William Lane Craig is a brilliant man. He has a great gig going with his full Research Professorship at Talbot School of Theology. He earns royalties on some 30 books. He also brings in money from his ReasonableFaith.org operations. He believes in and argues for the theory of A-time that our recent arrival @Squatch347 and I have been kicking back and forth here.
Craig debated New Testament Scholar Professor Bart D. Ehrman and in my opinion, got his clock cleaned. Read the transcript of the debate and this powerful rebuttal of Craig’s arguments, and it is clear Craig is lost and just churning out erudite-sounding gibberish in hopes of confusing his opponent, or at least bamboozling the less educated in his audience, most of whom have a strong confirmation bias in Dr. Craig’s favor. Confusing audiences with big words is something William Lane Craig excels at. He also scores highly in quote mining books scientists in physics, cosmology, deep time and evolutionary biology; cherry picking a single sentence out of context to make it appear the clear weight of science is on his side when the truth is exactly the opposite. He comes to every debate well prepared to use these disingenuous tools.
It is clear he knows he is being intellectually dishonest, because he has lied about the Ehrman debate and when informed by authors such as Dr. Henry Gee that he was misusing their words from their books, and reversing their true meaning, he goes right on committing the error again and again. My guess is that the man is not a believer in any god but the Great God of Cash. That god, he serves reasonably well.

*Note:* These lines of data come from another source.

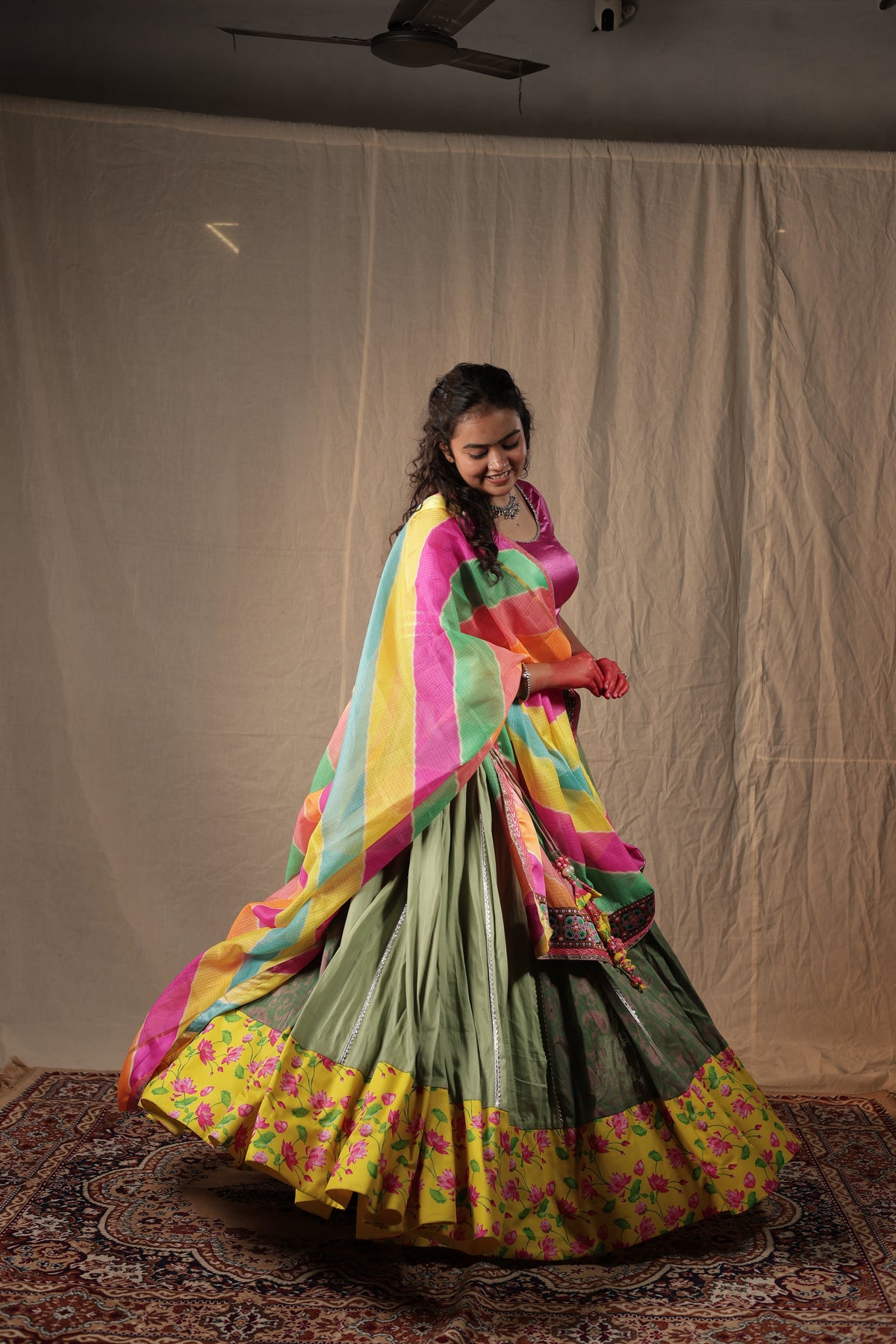 Gulabi Gazal - Green Floral Chaniya Choli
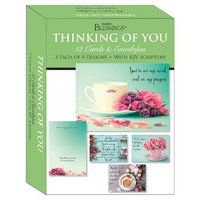 Boxed Cards: Thinking of You Gentle Thoughts (12 Cards, 3 each of 4 designs)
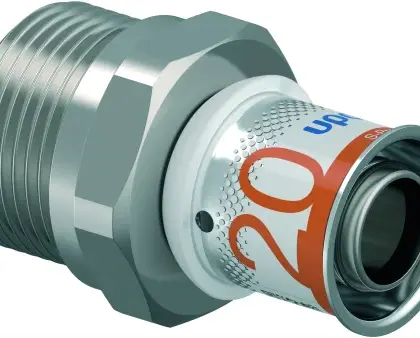 Uponor Persovergangsstuk messing 20/2.25mm x 22mm M (drink)water Uponor S-Press PLUS 1070512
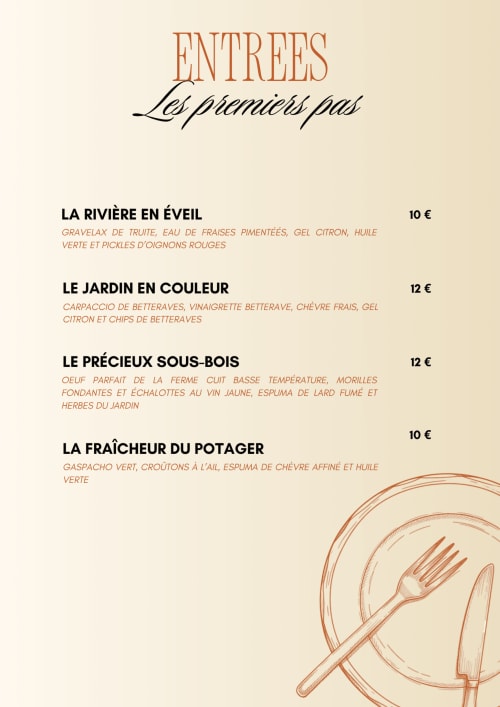 Entrees menu at Clos De La Gourmandiere featuring four French appetizers priced 10-12€ in Saint-Lothain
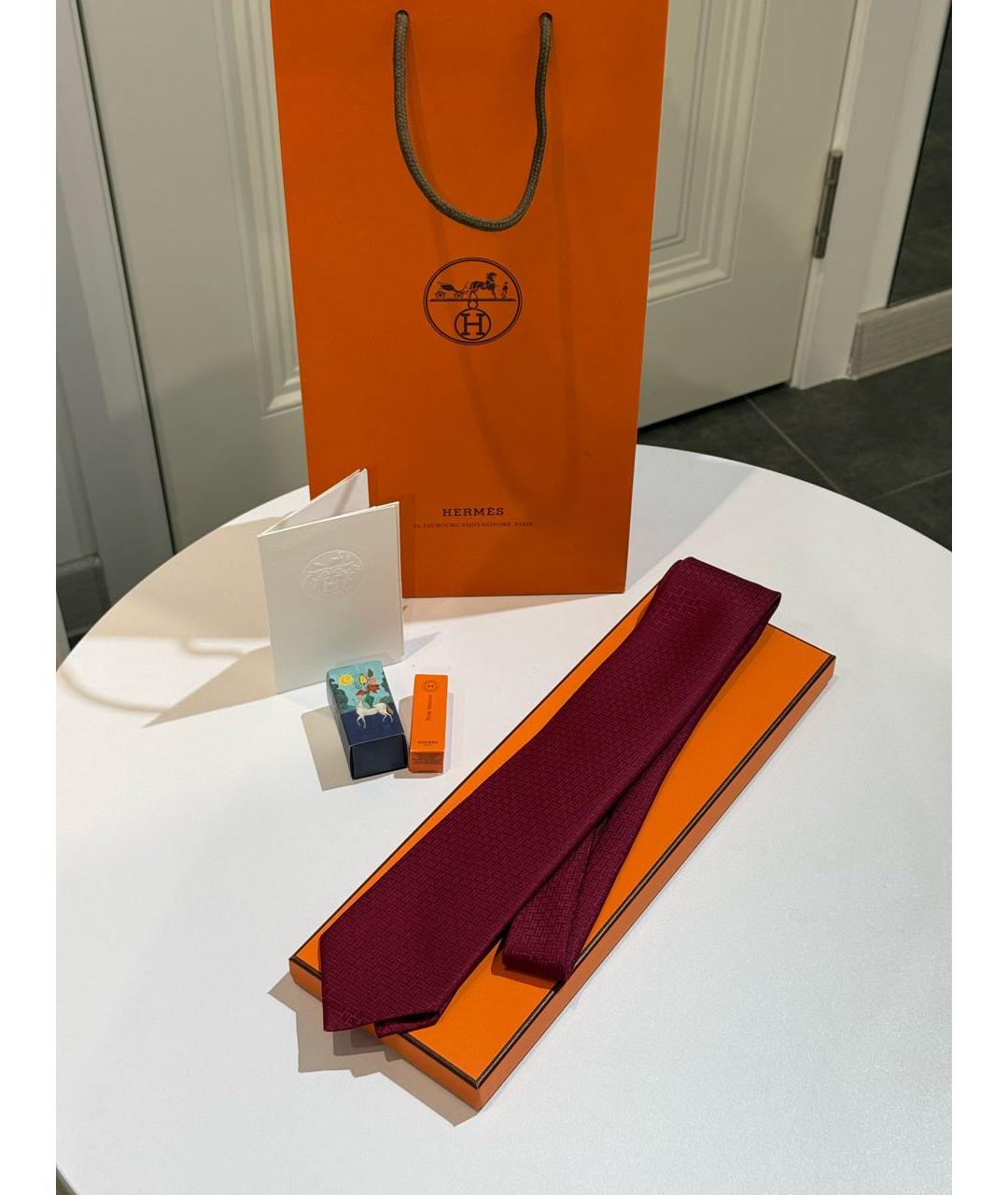 HERMES Бордовый шелковый галстук, фото 4
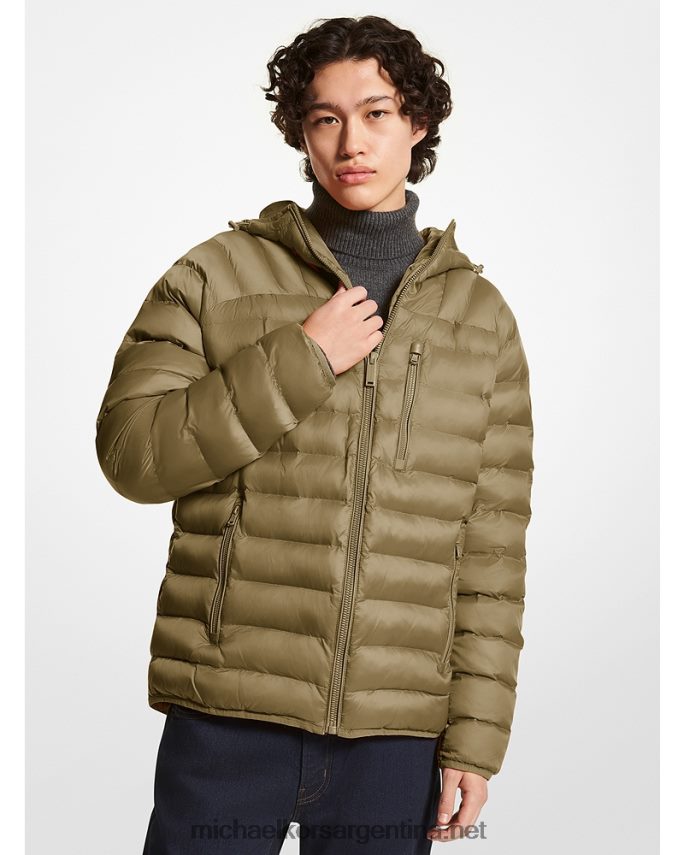 hombres aceituna chamarra acolchada de nailon rialto Michael Kors T46HB02808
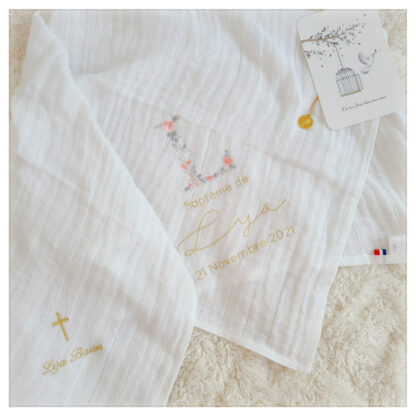 Lange blanc broderie initiale fleurie "Lucie" – Image 5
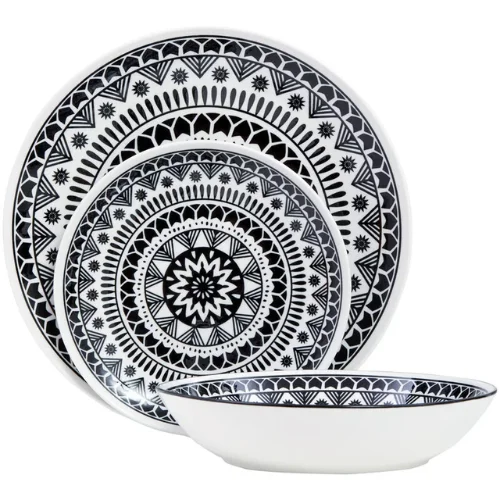12 Piece Black and White Dinner Set | Maya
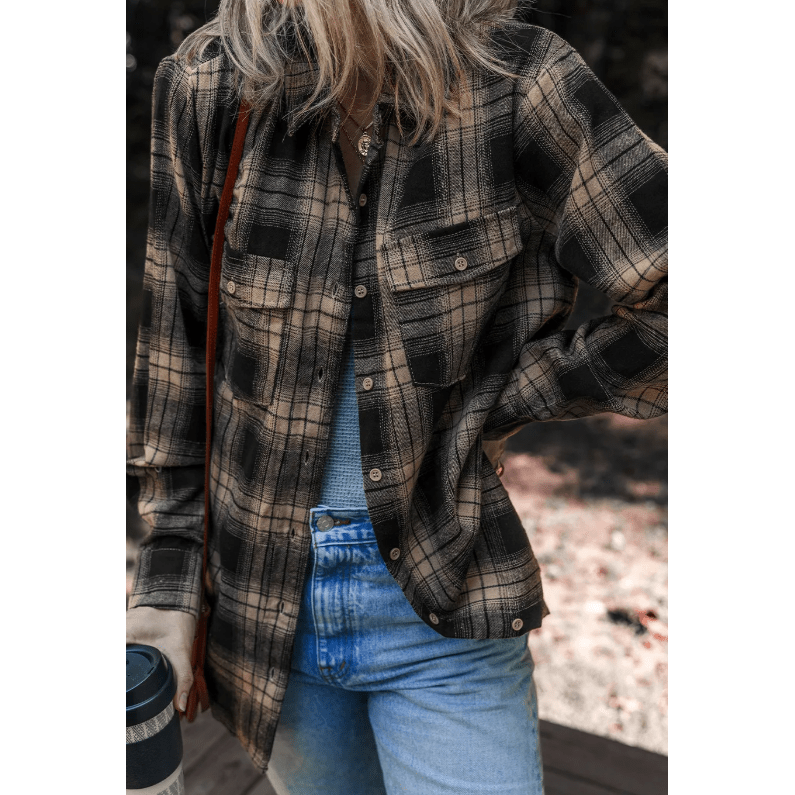 Scarlette Retro Plaid Double Flap Pocket Brushed Shacket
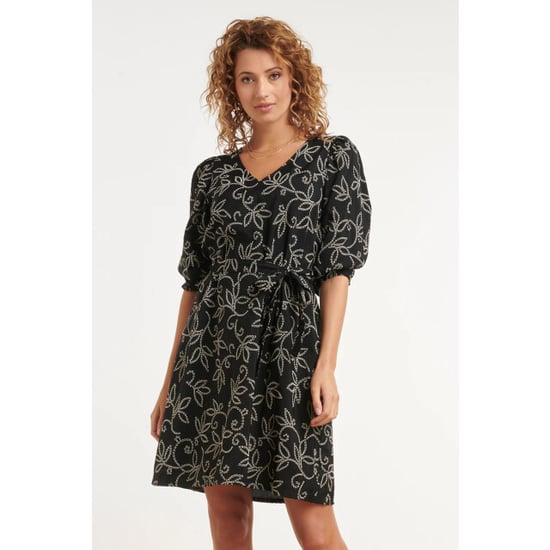 Smashed Lemon Elegante jurk met verfijnde bloem print en tailleceintuur | - Image 1
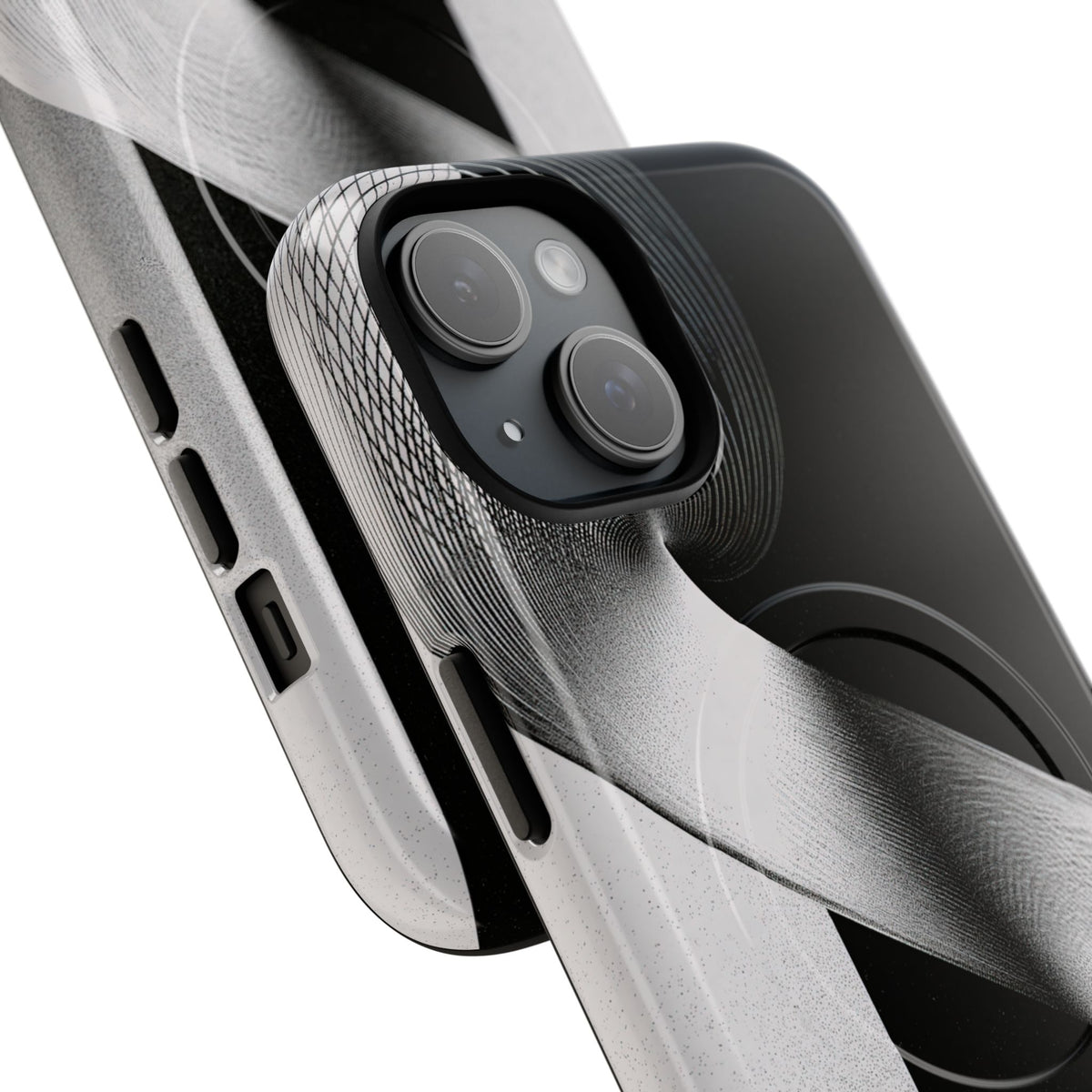 Grey Tough 2.0 Magsafe Phone Case for iPhone - Obsidian Moiré Wave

As to debates he lost, if you listen with discerning ears and strip out all the obfuscation, the fallacious arguments, and his attempt to debate by throwing bucket-loads of assertions up against the wall and seeing which stick (it takes 15 seconds to make an assertion and 15 minutes to fully refute it. So make 60 assertions in your 15 minutes at the microphone, and your opponent can refute only one of them in his 15 minutes) I think he was destroyed by Bart Ehrman and taken to the woodshed by Stephen Law, Shelley Kagan and Sam Harris. Here is Lewis Wolpert Wolpert exposing the depth of Craig’s reliance on special pleading fallacies.
Some of the most interesting debates are those between two theists, each who believes in a different deity. Consider the witticism presented in atheism in three easy steps and you get an idea of what you will hear.